Requirement: Using only the entries below, output the lines starting at the one containing "The first thing" and ending at the one containing "Click on save", exactly and inclusive of both, omitting the pictures.

Records for the task:
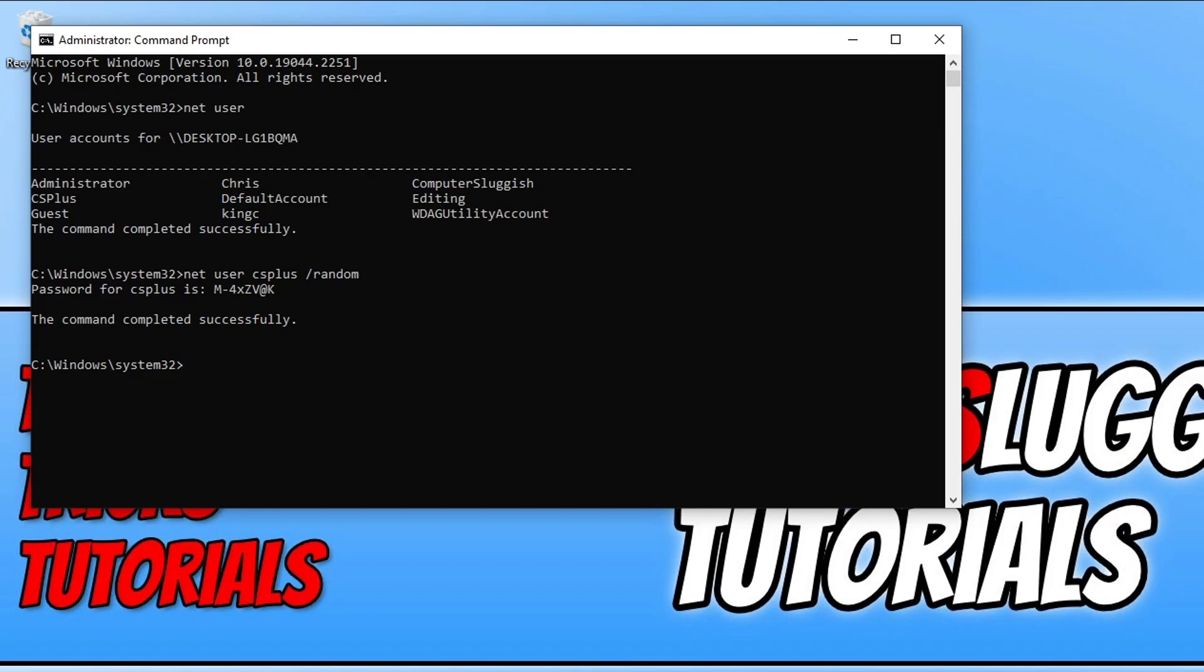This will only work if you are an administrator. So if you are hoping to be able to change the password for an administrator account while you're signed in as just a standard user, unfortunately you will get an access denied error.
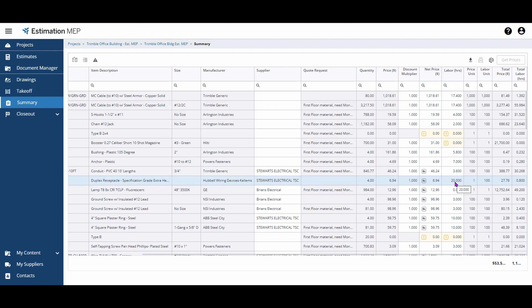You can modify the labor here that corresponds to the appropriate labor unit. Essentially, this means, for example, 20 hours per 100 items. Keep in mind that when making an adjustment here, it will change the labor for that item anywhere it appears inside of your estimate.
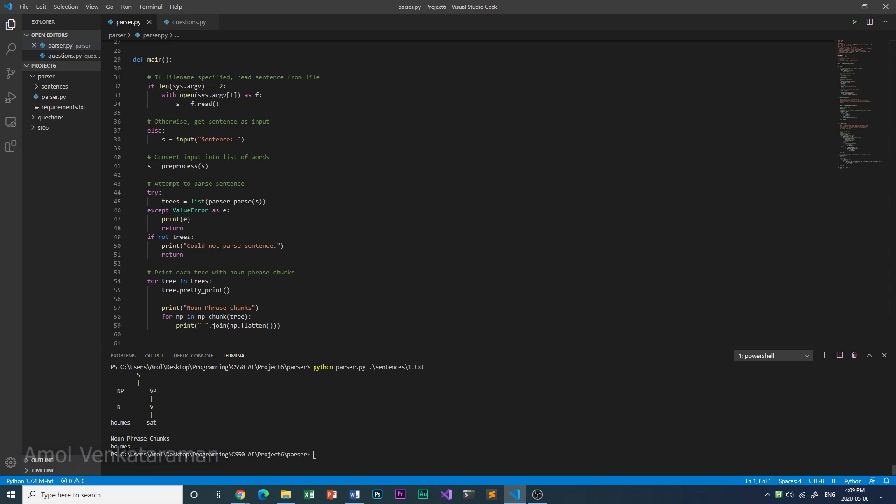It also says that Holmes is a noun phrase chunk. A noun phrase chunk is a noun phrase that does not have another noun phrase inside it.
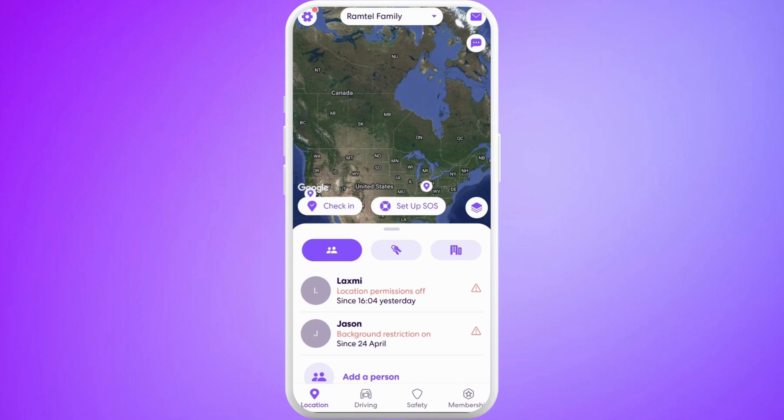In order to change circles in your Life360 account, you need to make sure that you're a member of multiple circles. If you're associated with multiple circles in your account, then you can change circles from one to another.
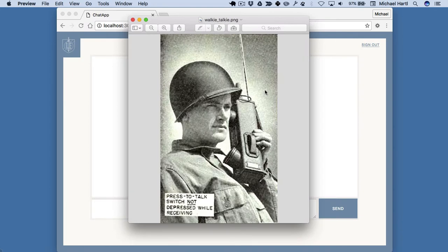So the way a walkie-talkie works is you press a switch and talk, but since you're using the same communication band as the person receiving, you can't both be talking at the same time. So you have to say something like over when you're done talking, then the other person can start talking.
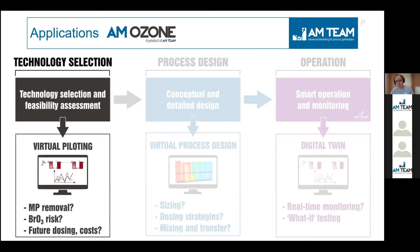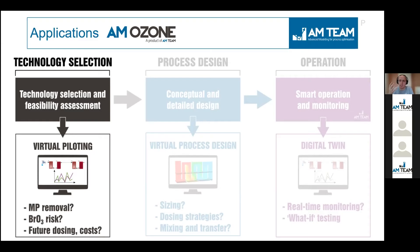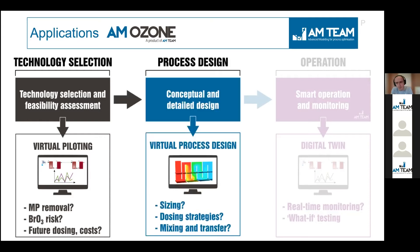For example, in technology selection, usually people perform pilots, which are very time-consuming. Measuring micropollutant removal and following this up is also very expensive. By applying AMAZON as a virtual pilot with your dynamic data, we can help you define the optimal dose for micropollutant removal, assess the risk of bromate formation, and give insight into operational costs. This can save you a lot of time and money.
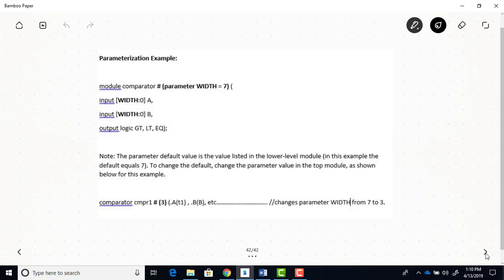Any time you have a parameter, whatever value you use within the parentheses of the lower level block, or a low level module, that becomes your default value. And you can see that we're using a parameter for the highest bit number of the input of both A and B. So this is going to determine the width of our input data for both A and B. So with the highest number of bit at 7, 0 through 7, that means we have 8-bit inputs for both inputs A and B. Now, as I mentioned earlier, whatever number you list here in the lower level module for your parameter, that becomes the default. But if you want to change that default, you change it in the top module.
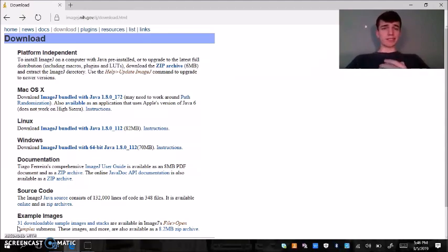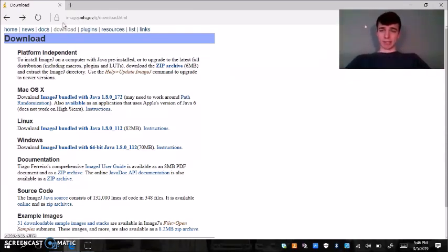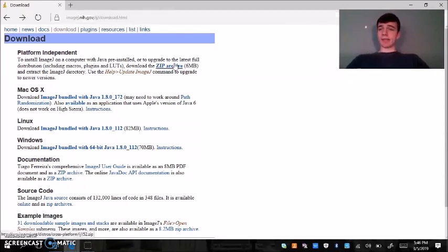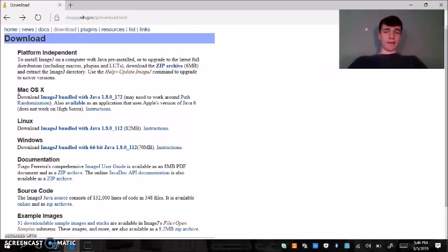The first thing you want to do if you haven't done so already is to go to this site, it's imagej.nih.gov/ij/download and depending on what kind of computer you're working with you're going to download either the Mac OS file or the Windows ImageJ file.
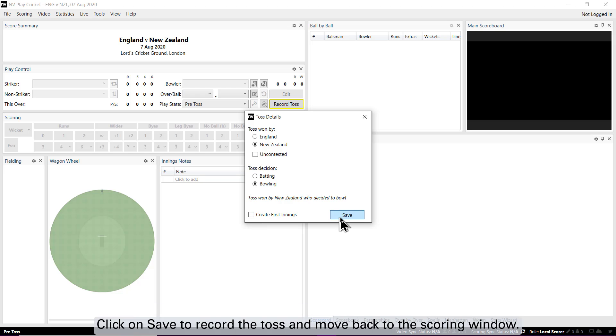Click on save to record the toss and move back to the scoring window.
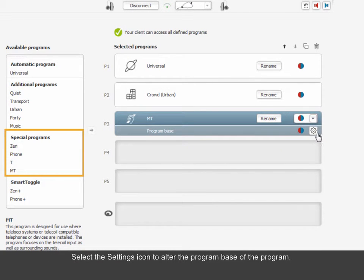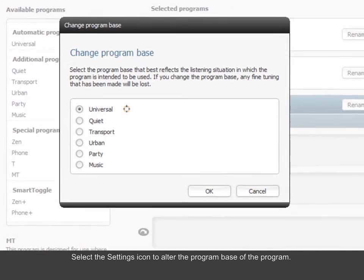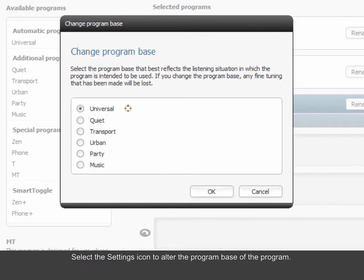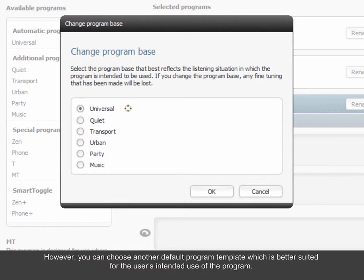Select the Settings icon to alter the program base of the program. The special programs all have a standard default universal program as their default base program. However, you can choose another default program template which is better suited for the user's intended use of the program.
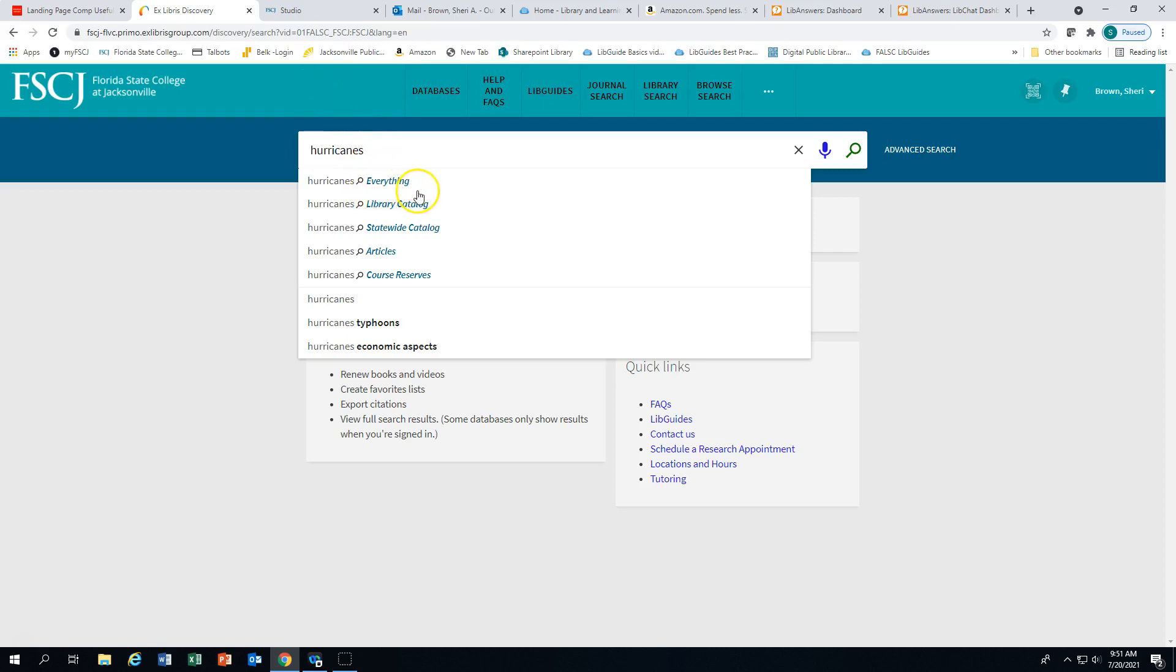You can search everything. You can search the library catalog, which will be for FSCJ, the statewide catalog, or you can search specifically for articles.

Response to this exercise:
The first thing you want to do if you haven't done so already is to go to this site, it's imagej.nih.gov/ij/download and depending on what kind of computer you're working with you're going to download either the Mac OS file or the Windows ImageJ file.
Click on save to record the toss and move back to the scoring window.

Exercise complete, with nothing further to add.